# Planning to move to canada - with a child



## mbalaji (Jun 6, 2016)

Hi,

I wanted to restart my life in a fresh and clean environment and zeroed Canada. I am 29 years old, widow, has a 7 year old kid.
I am a physics graduate and did my management course in human resourcing through correspondence and also doing my second level in insurance professional course in India which has mutual agreement with LOMA. At present I am into my late husband's auto-mobile business.I am planning to move with my kid by next April.

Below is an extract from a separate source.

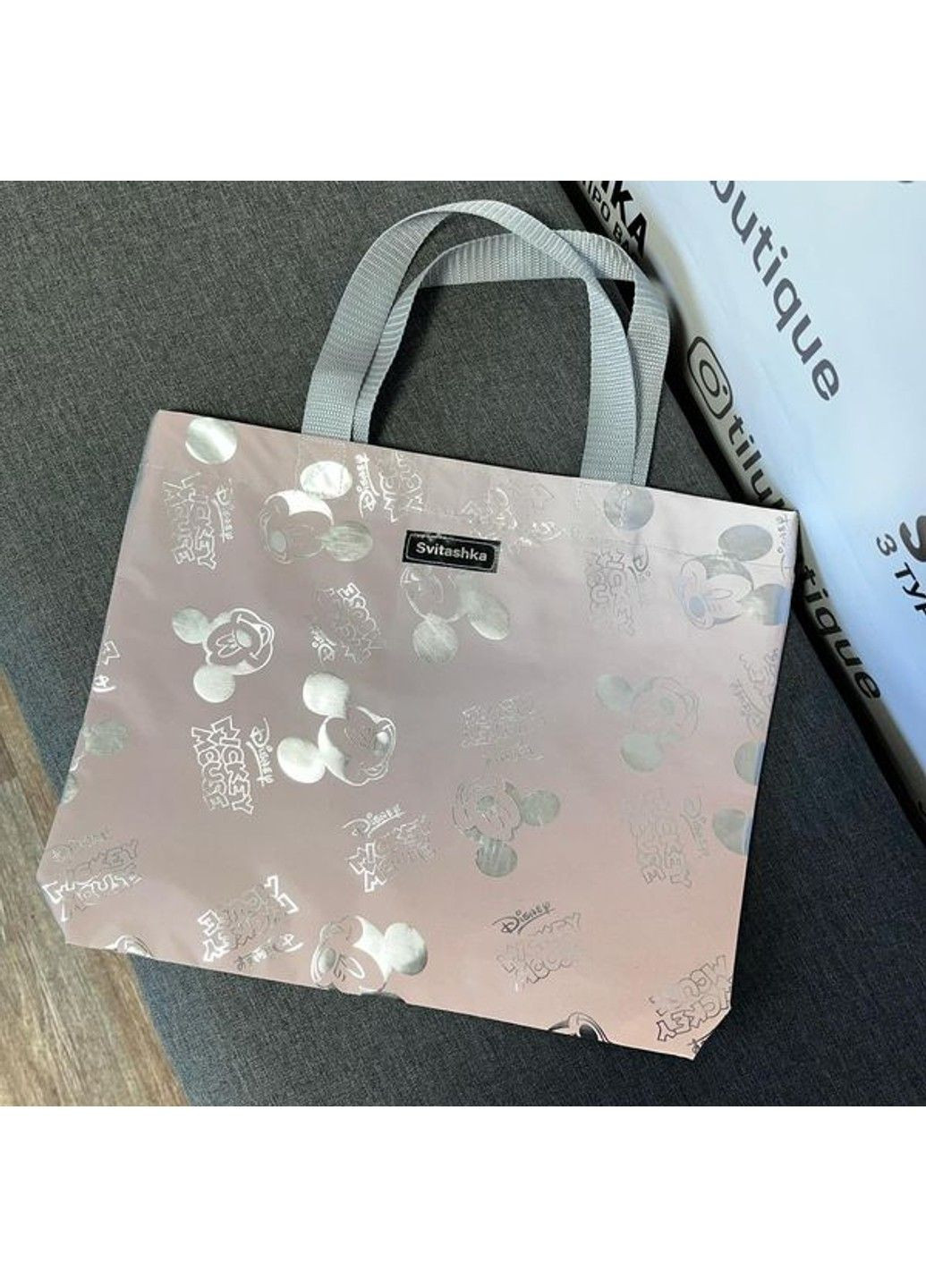 Светоотражающий шопер Svitashka Серебряные Микки с короткими ручками серого цвета на магнитной кнопке No Brand (335051219)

I would like to know how to initiate the PR process from India. 
Is there good business opportunities in Canada or shall I look for work?
How the country treats a widower( is the main reason for me to move abroad)
Ontario or Scarborough good place to live?good neighbourhood?kid friendly?
What could be the cost of living in Ontario or Scarborough for two of us?

As I am sole responsible person for my kid I want her a better living condition where loss of her dad doesn't depress her much..

Expecting good guidance and advice.


Thanks in advance,


----------



## WestCoastCanadianGirl (Mar 17, 2012)

I don't live in Ontario but I have relatives that do, so I can't speak for all of it and I've tried to answer some of your more general questions.

I know that there are people here who can give you more exact details and hopefully they'll be around in a few hours to give their replies.



mbalaji said:


> Hi,
> 
> I wanted to restart my life in a fresh and clean environment and zeroed Canada. I am 29 years old, widow, has a 7 year old kid.
> 
> ...


----------



## colchar (Oct 25, 2011)

mbalaji said:


> I would like to know how to initiate the PR process from India.



Did you even consider checking the GoC website for this information? Why ask random people on the internet when you can go directly to the source?




> Is there good business opportunities in Canada or shall I look for work?


I think you need to learn some basic facts about Canada. It is the second largest country in the world so the economy will vary greatly from one region to the next as well as within each region. As such, there is no way to answer a question as broad as yours. Is the economy the same in all parts of India? Obviously not so why would you think it is in Canada?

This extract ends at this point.